How Introspectus Works

From this inventory, Introspectus performs targeted web intelligence gathering. For each application identified, the platform locates the top five authoritative sources of patch and release information vendor security advisories, release notes, and vulnerability databases and retrieves that content into a central repository.

Aletheia, Introspectus’s AI analysis agent, then reads and analyses this content to extract the intelligence that matters for application patching: the latest available version, whether a release addresses a security vulnerability, the severity of that vulnerability, and all information relevant to the Essential Eight application patching requirements. This structured intelligence is mapped directly to the applicable ISM controls, producing defensible, audit-ready evidence of an organisation’s application patch compliance posture.
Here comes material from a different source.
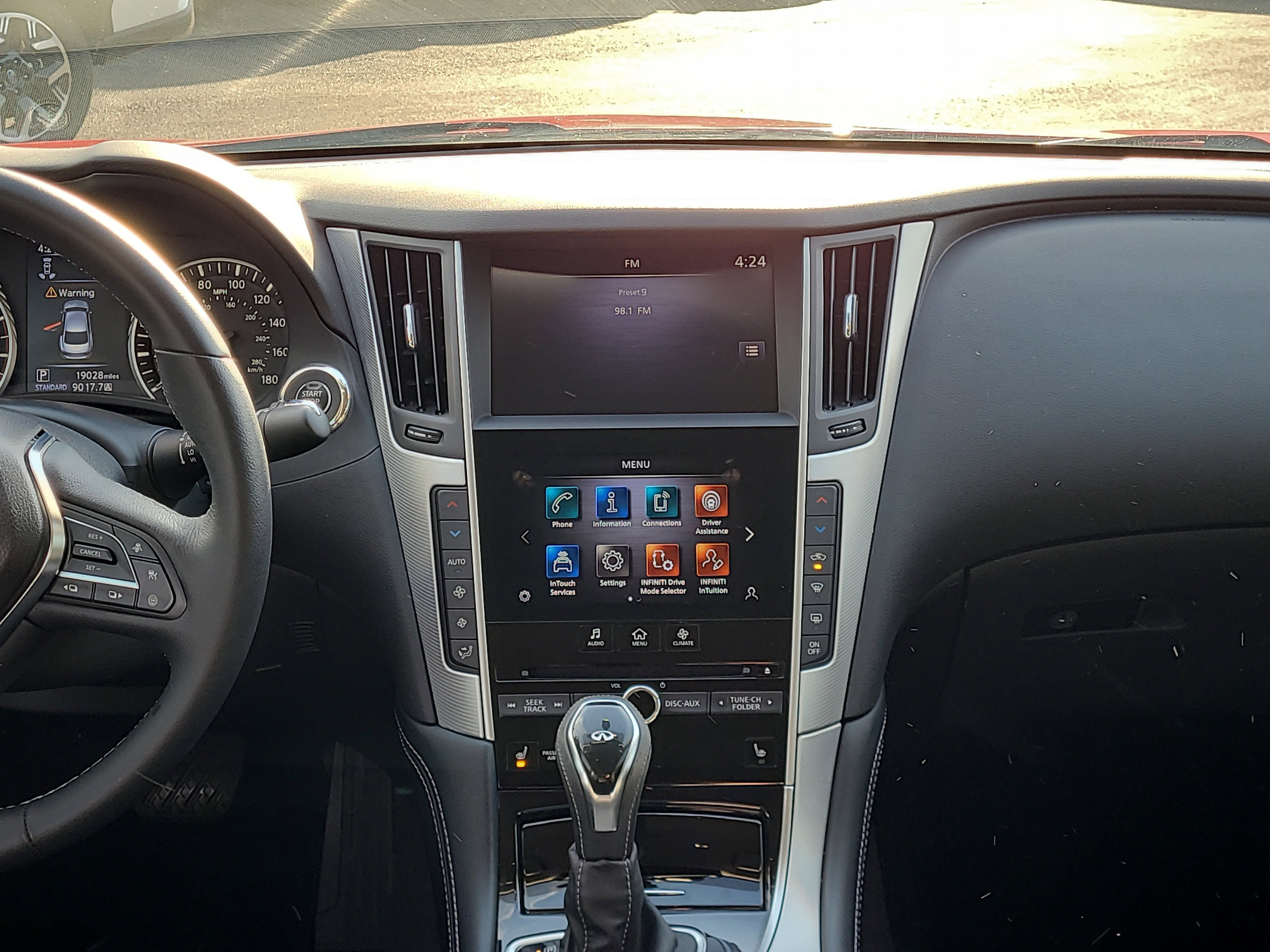 2023 INFINITI Q50 LUXE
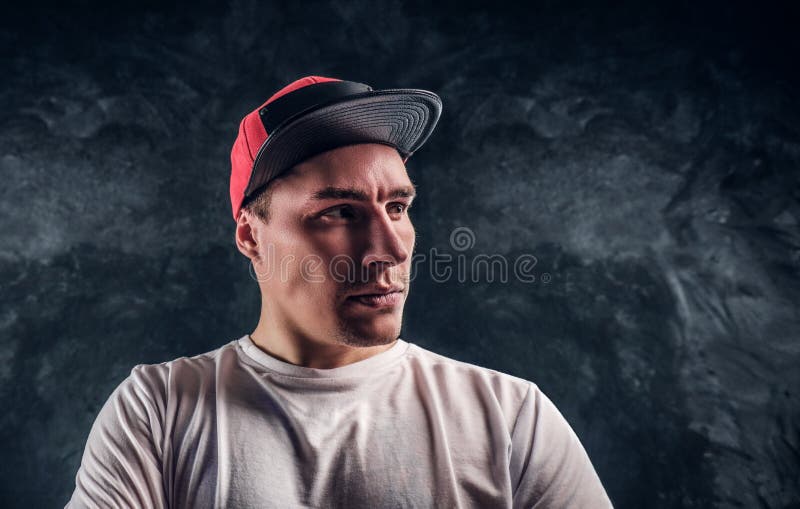 Ritratto del primo piano di un uomo bello che indossa una maglietta e un cappuccio bianchi che guardano lateralmente fotografia stock libera da diritti Ritratto del primo piano di un uomo bello che indossa una maglietta e un cappuccio bianchi che guardano lateralmente fotografia stock libera da diritti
The Challenge with Patch Applications

A critical and frequently overlooked problem is the visibility gap. Organisations may believe their applications are current when, in reality, patches have silently failed, devices have missed deployment windows, or software has been installed outside of managed channels entirely.

Without continuous inspection at the endpoint level, these gaps go undetected until an audit or, worse, a breach.

Patch Applications Overview

Within the Essential Eight standard, patching applications is a dedicated and non-negotiable control. The ACSC specifies clear timeframes: critical vulnerabilities in internet-facing services must be addressed within 48 hours, commonly used applications such as office productivity suites, web browsers, email clients and PDF software must be patched within two weeks of release, and all other applications within one month.

For organisations in high-threat environments, the bar is higher still. Meeting these requirements consistently across hundreds of distinct applications deployed across thousands of endpoints is not achievable through manual effort alone.